Hier matin, vers 9 heures, après m’être extirpé de mon lit tout engourdi, j’ai grimpé sur ma balance électronique et en voyant mon poids, j’ai d’abord pensé à un bug. J’ai recommencé la pesée pour être sûr de ce que j’avais vu sur l’écran LCD mais le verdict fut sans appel : 86,9 kilos alors que j’étais à 90 il y a une semaine… Le diurétique me fait perdre de l’eau et par conséquent du poids, c’est indéniable. L’insuffisance rénale occasionne aussi une fonte musculaire. Je ne peux le nier : mon pauvre corps connaît des bouleversements. Je vais installer fissa un rameur dans mon salon afin d’essayer de conserver au maximum mes jambes et mes bras, de limiter les dégâts… Il faut encaisser tous ces changements physiques et ne pas désespérer. Plus rien ne sera comme avant à ce niveau-là. Le pilier de rugby auquel je ressemblais, c’est terminé. Je vais passer de Gérard Depardieu à Michel Blanc assez rapidement question carrure… Dans un sens, c’est pas plus mal. Je n’ai jamais aimé Depardieu. Pas plus l’acteur que le mec. Je préfère 100 fois Michel Blanc, même s’il peine à conclure.

Il est 9 heures 30. Je me fais cuire des oeufs durs. On m’a dit d’insister lourdement sur les protéines car du fait de la dialyse, je ne les conserve pas, d’où mon amaigrissement (sarcopénie : nom barbare qui désigne une perte de la masse musculaire). Que du bonheur ! Du coup, à chaque repas, je dois ingurgiter ma dose de viande, d’oeufs, de fromage, de yaourts, etc. Ce n’est encore pas le cas mais je vais avoir également une perte d’appétit. M’est avis que de cette période de dialyse, je n’ai encore subi que la bande annonce… Bref, il va falloir que je surmonte tout ça parce que ma vie en dépend. À quoi vais-je ressembler, bordel ?! 

Hier soir, je suis allé à Genève, dans mon école de jazz, écouter les profs et leurs meilleurs élèves faire une jam.

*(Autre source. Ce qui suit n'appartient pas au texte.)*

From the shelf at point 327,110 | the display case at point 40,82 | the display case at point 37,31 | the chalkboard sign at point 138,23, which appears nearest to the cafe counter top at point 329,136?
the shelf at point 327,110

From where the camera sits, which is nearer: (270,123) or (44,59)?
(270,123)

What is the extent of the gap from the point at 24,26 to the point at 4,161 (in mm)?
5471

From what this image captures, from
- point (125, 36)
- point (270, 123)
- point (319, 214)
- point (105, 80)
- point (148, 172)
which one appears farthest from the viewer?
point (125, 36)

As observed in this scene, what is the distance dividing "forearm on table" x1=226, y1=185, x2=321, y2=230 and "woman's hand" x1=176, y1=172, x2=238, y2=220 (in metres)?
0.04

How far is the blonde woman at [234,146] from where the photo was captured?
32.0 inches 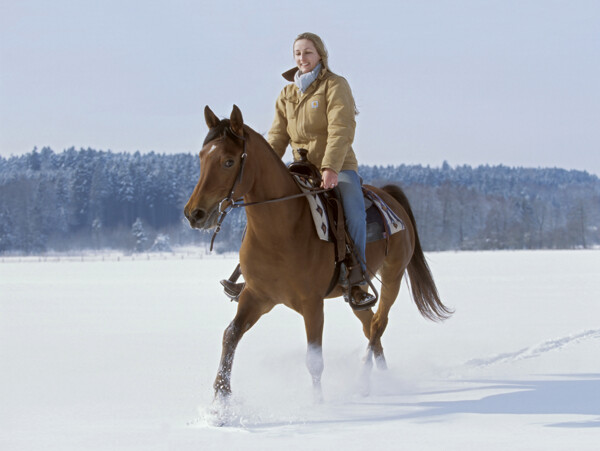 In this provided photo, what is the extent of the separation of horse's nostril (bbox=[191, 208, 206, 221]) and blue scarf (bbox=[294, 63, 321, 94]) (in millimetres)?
1732

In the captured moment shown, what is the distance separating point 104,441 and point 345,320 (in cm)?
750

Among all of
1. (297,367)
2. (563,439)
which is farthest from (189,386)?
(563,439)

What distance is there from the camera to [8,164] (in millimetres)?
132375

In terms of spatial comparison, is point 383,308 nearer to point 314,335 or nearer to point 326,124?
point 314,335

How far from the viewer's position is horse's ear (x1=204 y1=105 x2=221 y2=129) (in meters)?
4.67

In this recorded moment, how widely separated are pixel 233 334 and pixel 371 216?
6.16ft

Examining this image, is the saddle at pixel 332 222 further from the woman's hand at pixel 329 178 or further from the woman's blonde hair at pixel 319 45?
the woman's blonde hair at pixel 319 45

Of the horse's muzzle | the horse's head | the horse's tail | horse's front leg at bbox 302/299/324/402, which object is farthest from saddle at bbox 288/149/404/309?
the horse's tail

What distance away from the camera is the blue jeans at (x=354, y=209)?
557 cm

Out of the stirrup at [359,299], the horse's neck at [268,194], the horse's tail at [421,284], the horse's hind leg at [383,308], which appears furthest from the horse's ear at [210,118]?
the horse's tail at [421,284]

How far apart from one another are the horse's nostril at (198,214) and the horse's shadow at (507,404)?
57.3 inches

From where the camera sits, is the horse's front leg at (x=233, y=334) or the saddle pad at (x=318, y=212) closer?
the horse's front leg at (x=233, y=334)

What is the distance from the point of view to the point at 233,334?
5133 mm

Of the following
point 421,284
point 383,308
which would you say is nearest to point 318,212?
point 383,308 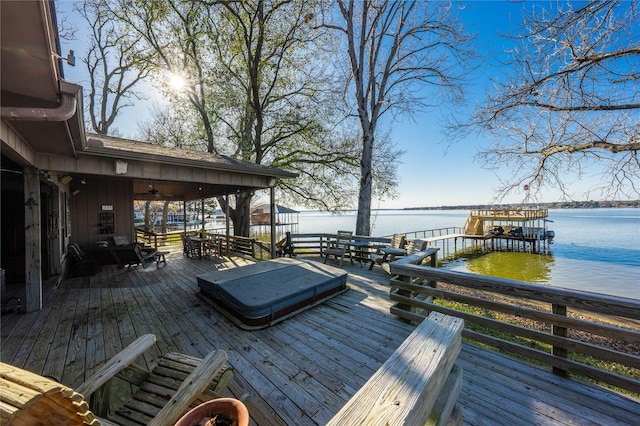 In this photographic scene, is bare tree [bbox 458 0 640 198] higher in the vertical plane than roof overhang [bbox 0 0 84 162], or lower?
higher

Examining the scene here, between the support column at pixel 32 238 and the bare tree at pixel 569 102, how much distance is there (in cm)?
833

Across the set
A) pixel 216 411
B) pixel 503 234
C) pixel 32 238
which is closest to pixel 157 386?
pixel 216 411

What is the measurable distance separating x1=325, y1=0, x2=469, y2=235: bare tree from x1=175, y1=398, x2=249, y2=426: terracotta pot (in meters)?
7.94

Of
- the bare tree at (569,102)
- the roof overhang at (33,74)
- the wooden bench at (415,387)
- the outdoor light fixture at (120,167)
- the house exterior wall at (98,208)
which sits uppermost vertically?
the bare tree at (569,102)

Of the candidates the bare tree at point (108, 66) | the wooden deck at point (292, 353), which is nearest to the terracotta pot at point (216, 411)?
the wooden deck at point (292, 353)

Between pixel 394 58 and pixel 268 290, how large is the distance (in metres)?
10.1

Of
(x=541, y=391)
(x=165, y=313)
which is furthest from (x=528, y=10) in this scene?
(x=165, y=313)

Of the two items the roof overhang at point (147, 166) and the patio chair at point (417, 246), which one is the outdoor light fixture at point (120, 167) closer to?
the roof overhang at point (147, 166)

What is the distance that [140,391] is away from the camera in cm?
191

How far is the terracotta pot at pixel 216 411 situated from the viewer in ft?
3.59

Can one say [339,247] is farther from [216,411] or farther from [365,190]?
[216,411]

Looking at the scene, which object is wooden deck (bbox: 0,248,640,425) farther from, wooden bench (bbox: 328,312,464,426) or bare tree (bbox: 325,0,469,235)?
bare tree (bbox: 325,0,469,235)

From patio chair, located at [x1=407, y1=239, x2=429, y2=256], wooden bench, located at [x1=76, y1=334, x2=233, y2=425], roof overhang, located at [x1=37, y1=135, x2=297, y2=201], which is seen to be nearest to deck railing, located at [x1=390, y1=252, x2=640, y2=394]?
patio chair, located at [x1=407, y1=239, x2=429, y2=256]

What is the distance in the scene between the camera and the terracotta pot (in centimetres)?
109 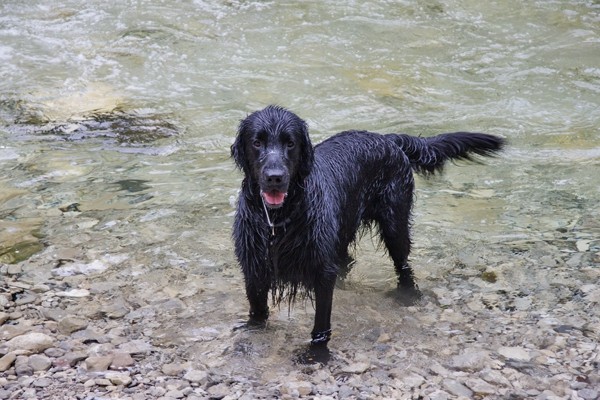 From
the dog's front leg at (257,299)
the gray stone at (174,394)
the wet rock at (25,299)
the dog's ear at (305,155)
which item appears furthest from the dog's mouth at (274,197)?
the wet rock at (25,299)

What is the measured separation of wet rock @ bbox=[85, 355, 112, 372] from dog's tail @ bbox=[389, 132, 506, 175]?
262cm

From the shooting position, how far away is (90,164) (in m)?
7.98

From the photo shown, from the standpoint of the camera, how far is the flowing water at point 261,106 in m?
6.04

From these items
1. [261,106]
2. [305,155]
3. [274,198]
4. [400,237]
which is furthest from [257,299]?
[261,106]

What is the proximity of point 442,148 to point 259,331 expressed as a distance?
2023mm

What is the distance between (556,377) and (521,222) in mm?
2557

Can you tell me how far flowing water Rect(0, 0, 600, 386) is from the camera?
6.04 metres

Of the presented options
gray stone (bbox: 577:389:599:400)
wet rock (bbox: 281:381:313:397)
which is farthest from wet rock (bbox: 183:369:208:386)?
gray stone (bbox: 577:389:599:400)

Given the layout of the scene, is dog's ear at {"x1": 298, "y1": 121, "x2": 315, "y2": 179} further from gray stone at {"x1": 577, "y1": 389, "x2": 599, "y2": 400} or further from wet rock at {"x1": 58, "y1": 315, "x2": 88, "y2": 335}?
gray stone at {"x1": 577, "y1": 389, "x2": 599, "y2": 400}

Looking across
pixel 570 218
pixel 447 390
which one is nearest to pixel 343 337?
pixel 447 390

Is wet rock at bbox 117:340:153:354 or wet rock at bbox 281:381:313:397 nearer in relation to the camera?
wet rock at bbox 281:381:313:397

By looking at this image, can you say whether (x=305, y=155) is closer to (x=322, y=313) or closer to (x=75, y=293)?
(x=322, y=313)

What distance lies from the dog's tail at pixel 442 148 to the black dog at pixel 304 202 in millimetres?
190

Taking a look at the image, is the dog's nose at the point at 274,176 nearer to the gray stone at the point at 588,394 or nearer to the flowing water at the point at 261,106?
the flowing water at the point at 261,106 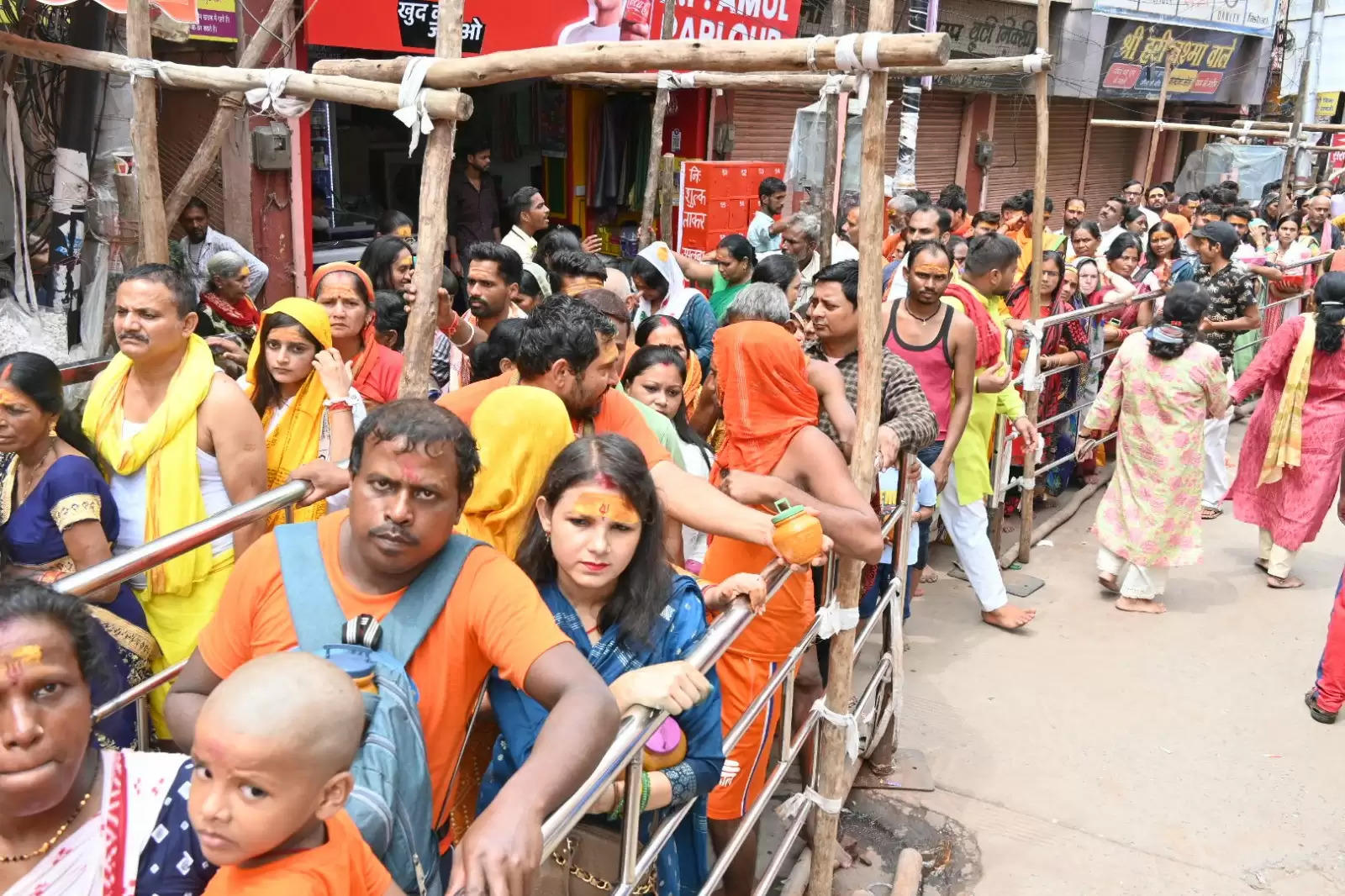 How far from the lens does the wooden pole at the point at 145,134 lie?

Il y avait aussi des musiciens ne faisant pas partie de l’école. La salle était pleine, le bar saturé. Alors qu’un flûtiste étalait sa virtuosité en de grandes phrases alambiquées, un coup de barre monumental s’est emparé de moi, assis au premier rang. Je me suis mis à bailler à m’en décrocher la mâchoire, toutes les trente secondes. Au bout de 3/4 d’heure, je me suis tiré histoire de ne pas plomber l’ambiance plus longtemps. Et puis je dois avouer que je commençais à m’emmerder. Le soucis avec ces mecs, c’est qu’ils se sentent obligés de montrer à chaque fois qu’ils sont d’excellents musiciens et c’est au détriment de la musique et des sentiments qu’elle devrait véhiculer. Les meilleurs ressembleront à des bêtes de foire mais passeront à côté de l’émotion et bien souvent d’une carrière. Il n’y a pas de place pour tout le monde. Ceux qui s’adressent au coeur se tailleront la part du lion.

Mon téléphone sonne. Ce sont mes œufs qui m’appellent. Les 10 minutes réglementaires sont écoulées. Ils doivent être durs, enfin, juste mous comme il faut. Pourquoi dit-on des oeufs « durs », en fait ? C’est con. Ils ne le sont jamais vraiment. Je vais me les manger nature, sans mayo car il me faut retrouver le goût originel des aliments, soi-disant. Une galère dans mon cas. Le goût des aliment, Ok, mais avec du sel !!! Je me suis amusé l’autre jour au supermarché à regarder la teneur en sel de tous les aliments transformés qui me tentaient. C’est fou, il y en a partout, même dans les produits sucrés. Les gens comme moi, on fait nos courses vite fait vu qu’on a droit à quasiment rien si ce n’est un coup de pied au cul.

Ça me rappelle cette définition du sucre : « Le sucre, c’est ce qui donne un mauvais goût au café quand on n’en met pas. » C’est valable pour le sel avec à peu près tout ce qui n’est pas sucré… 

Bref, l’esprit humain s’adapte à beaucoup de choses.